5 Minutes’ Peace

Woodworking Time

After the hustle and bustle of the day, taking a few minutes out and having some quiet time can be welcome relief.

Everyone had just left the workshop and I had a few short minutes before my expected arrival home for tea. There was just enough time to get to my bench  to fix the top on my table. It’s just a dry-fit; I’ll take it off when the finish is due. But working in the silence, feeling the torque through my wrist as I turned the screws in and then seeing the project take another step forward worked wonders for my mood. It reminded me not only of the obvious utility value of making things, but also the well-being that creating something can bring.

— Graham Haydon

Feature Articles, PWM Shop Blog, Woodworking Blogs
Graham Haydon

About Graham Haydon

Graham Haydon is a Joiner based in the UK, working in the same woodworking business his great grandfather started in 1926 alongside his father, brother and a small team of craftspeople. The business makes custom architectural joinery, simple furniture and custom kitchens along with a variety of other woodworking projects. He served an apprenticeship in both Joinery and Carpentry and also gained a National Certificate in Building Studies. During his spare time he enjoys woodworking mainly with hand tools.

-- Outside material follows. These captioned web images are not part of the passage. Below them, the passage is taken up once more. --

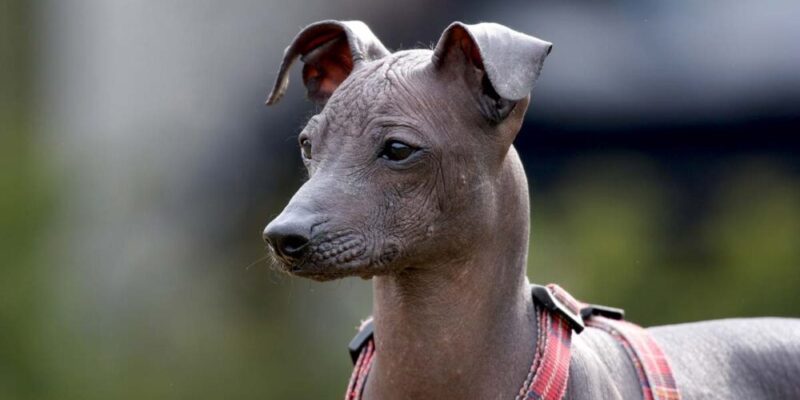 Raseprofil: Peruviansk nakenhund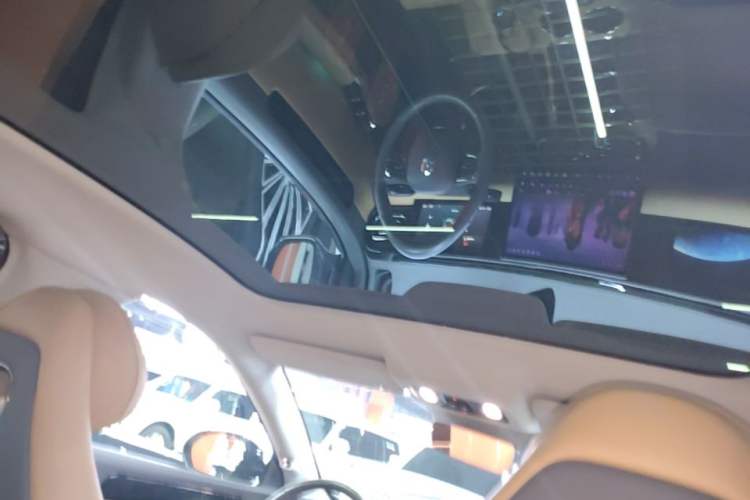 Used Leapmotor C01 2024 Pure Electric 525 Luxury Edition Headliner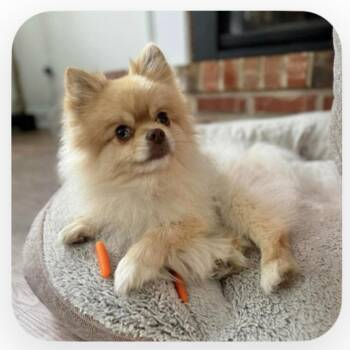 Pomeranian Dogs Available for Adoption - Duke | PetCurious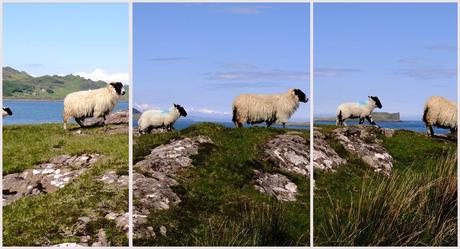 trotternish skye scotland ecosse moutons Road Trip en Ecosse II : lîle de Skye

2 thoughts on “5 Minutes’ Peace

  1. thekiltedwoodworker

    My best time in the shop is when I’m slowly and carefully working on a task, maybe a baseball game on the radio, maybe some classical music or meditative yoga music (savasana is my favourite pose) or some Grateful Dead playing kind of low, just background noise, really. I’m not paying attention to the music, though, because I’m in the zone. I have tunnel vision on routing out that little bit for some inlay or jointing an edge.

    And when I’m done, and I check that edge with a square or testing the piece of inlay in the recess, and it’s dead nuts perfect? That’s a great feeling, knowing I’m doing the best work I can, and that I’m achieving exactly what I set out to do. It’s better than a hundred “likes” on FB or IG, that little smile I give myself during those quiet times.

    Thanks for the thoughts, Graham.

    1. Graham HaydonGraham Haydon Post author

      Hi Ethan,

      It’s the shortest but must guts honest thing I’ve been able to write and I’m thankful you understand. I can fully understand your feelings too. It’s hard to capture and convey in words. Contentment, calmness I guess with a dash of satisfaction. Thanks for your moment of zen :-).